## Given data
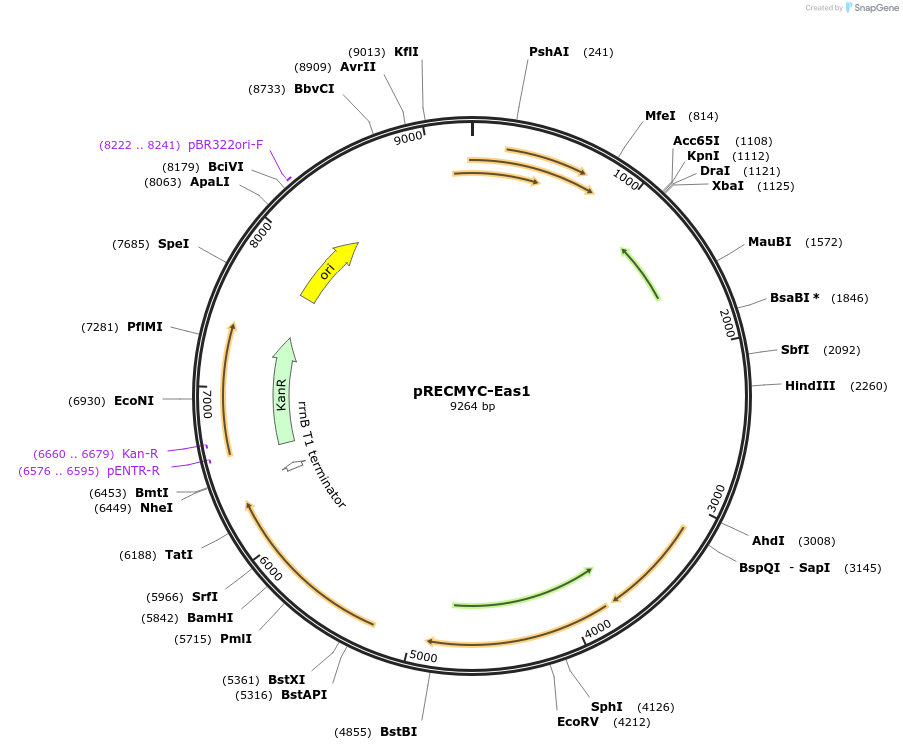 240710-plasmid-map-sequence-id-482711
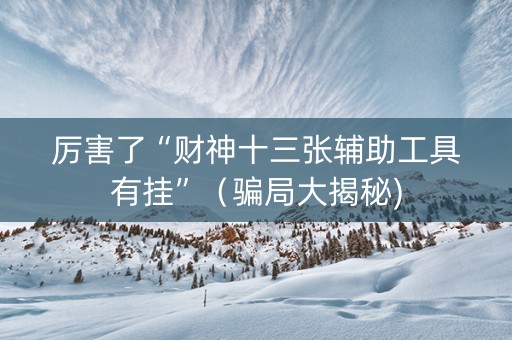 厉害了“财神十三张辅助工具有挂”（骗局大揭秘)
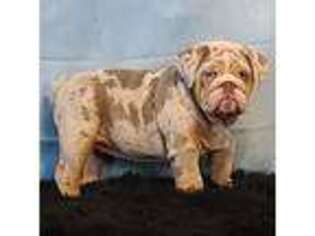 Bulldog Puppy for sale in Seminole, OK, USA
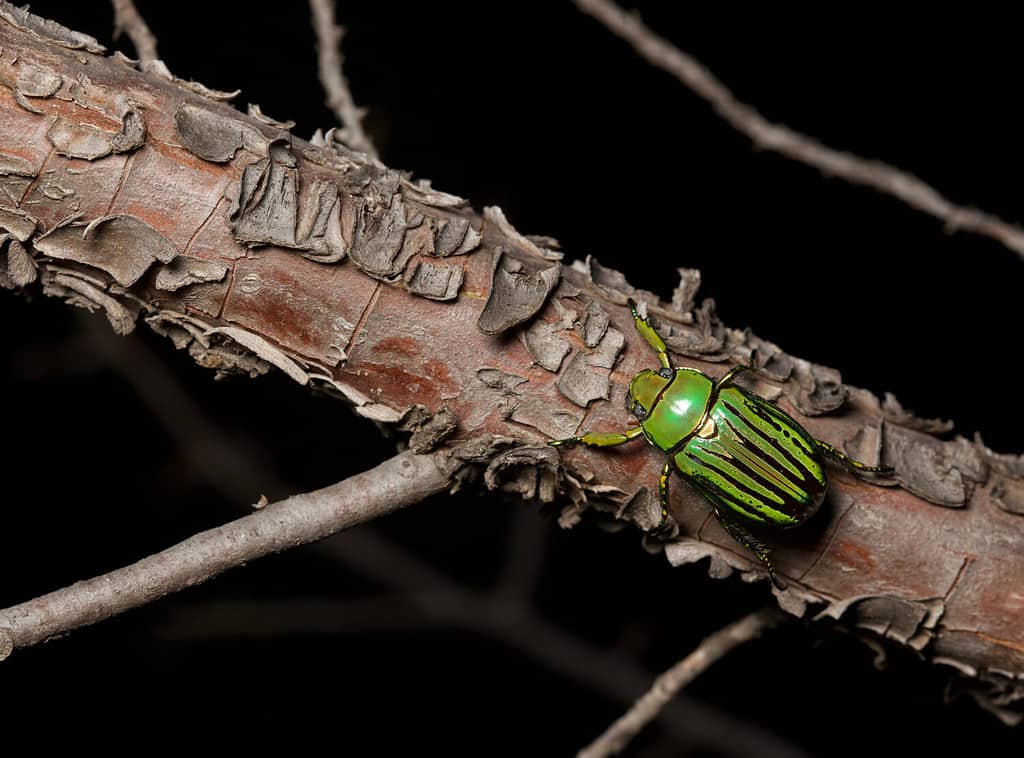 Chrysina gloriosa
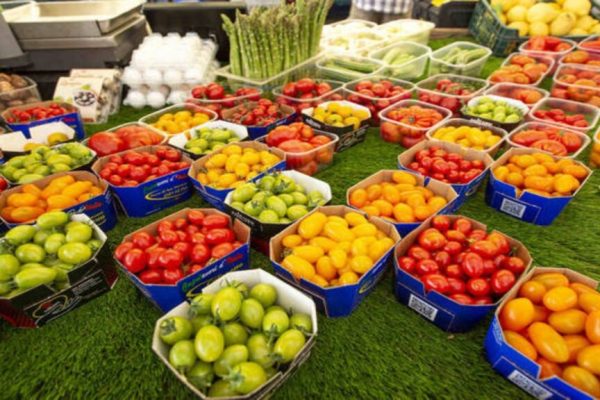Venezuela apuesta al retorno exportador con fortalezas agrícolas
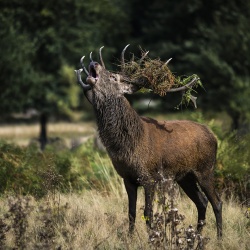 Red stag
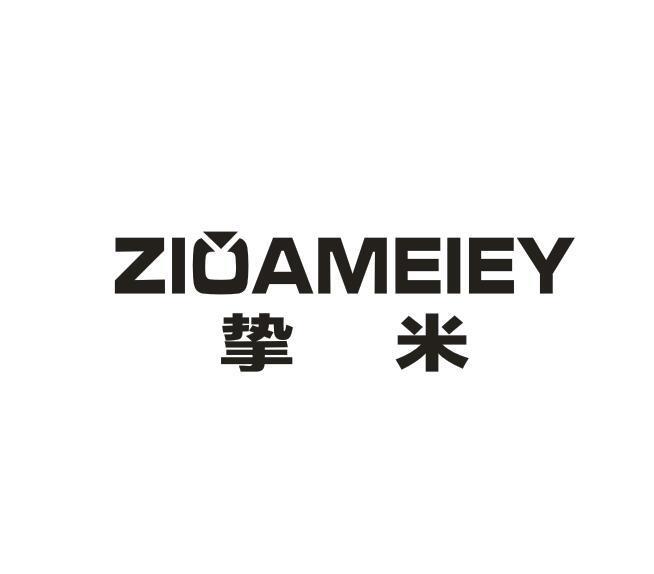11类-电器灯具ZIOAMEIEY 挚米商标转让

## Task requirements
Everything from the line that contains "Chrysina gloriosa" through the final line of the material should be returned exactly, except the pictures.

## Answer
 Chrysina gloriosa
Venezuela apuesta al retorno exportador con fortalezas agrícolas
 Red stag
11类-电器灯具ZIOAMEIEY 挚米商标转让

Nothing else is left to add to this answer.